* _TASK INSTRUCTIONS_:
The required output is every line from the one containing "للبيع فورد فيستا 2007" through the last line of the listing below, copied exactly, pictures excluded.

* _RECORDED DATA_:
********************

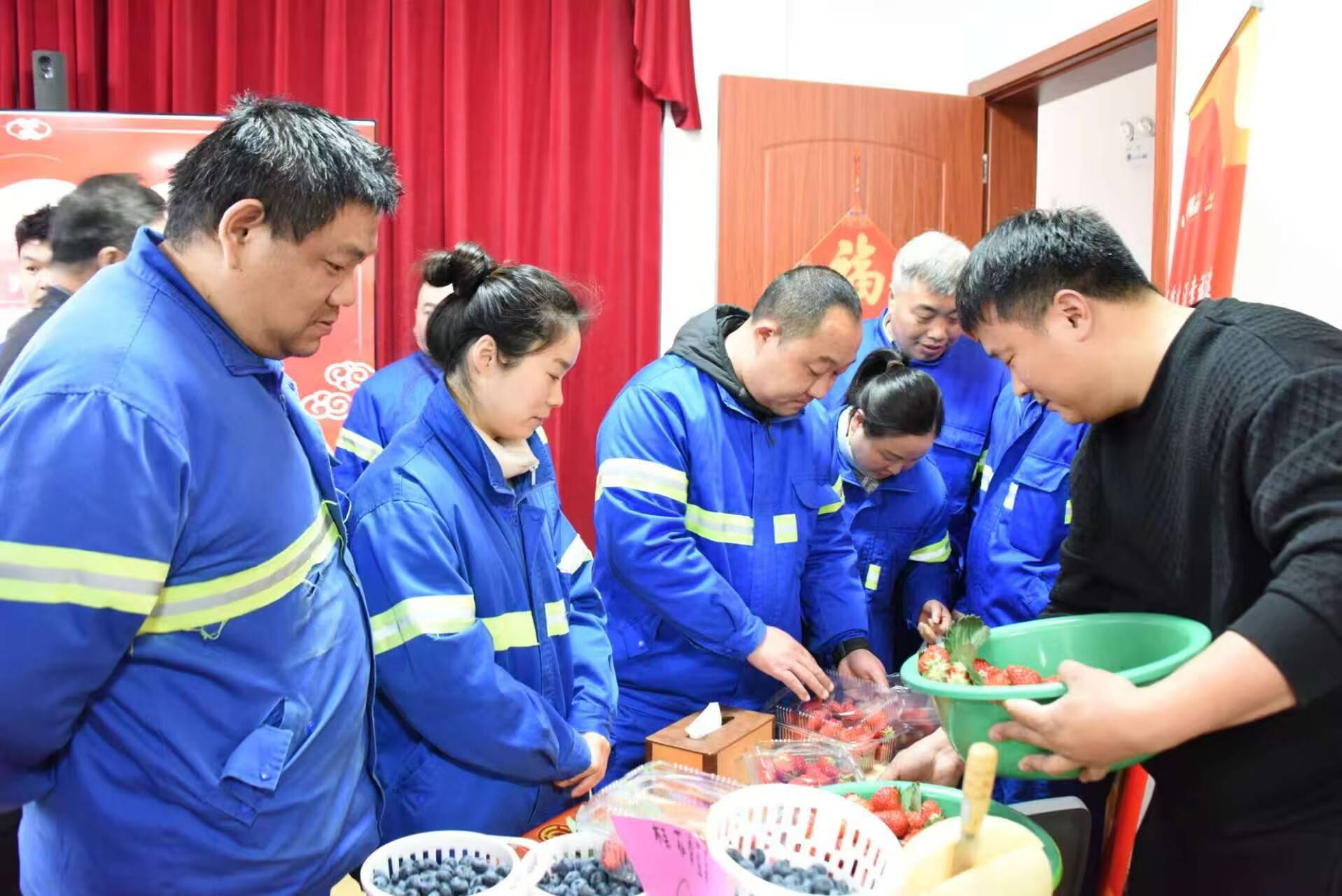 新春慰問“城市美容師”徐彙區總工會開展暖心活動關愛留滬環衛工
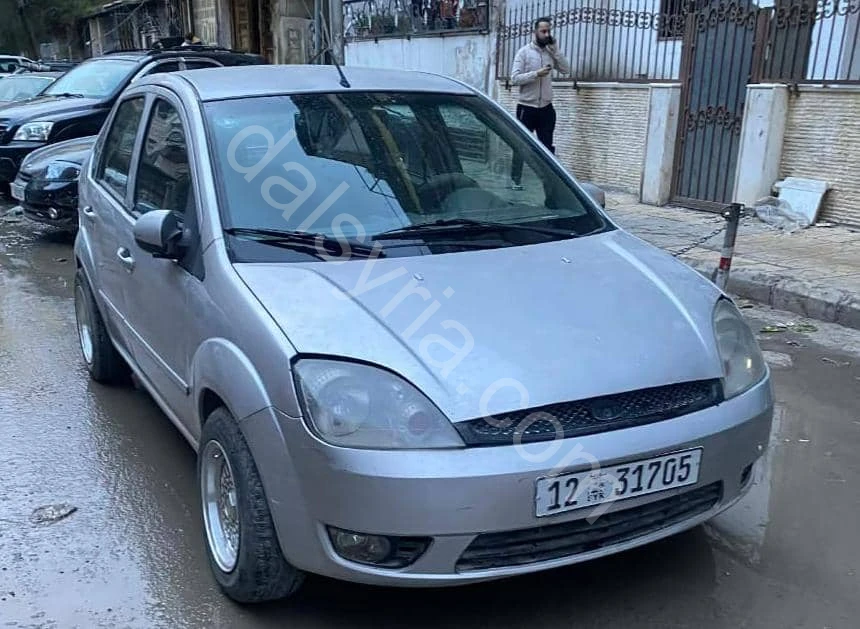 للبيع فورد فيستا 2007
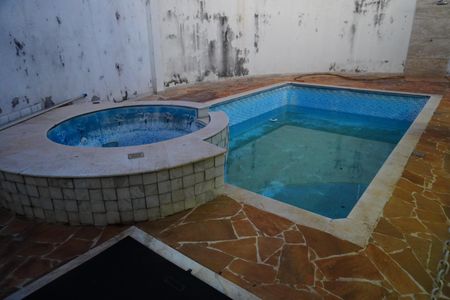 Casa para alugar com 535m², 5 quartos e 4 vagasQuintal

********************

* _EXERCISE SOLUTION_:
 للبيع فورد فيستا 2007
 Casa para alugar com 535m², 5 quartos e 4 vagasQuintal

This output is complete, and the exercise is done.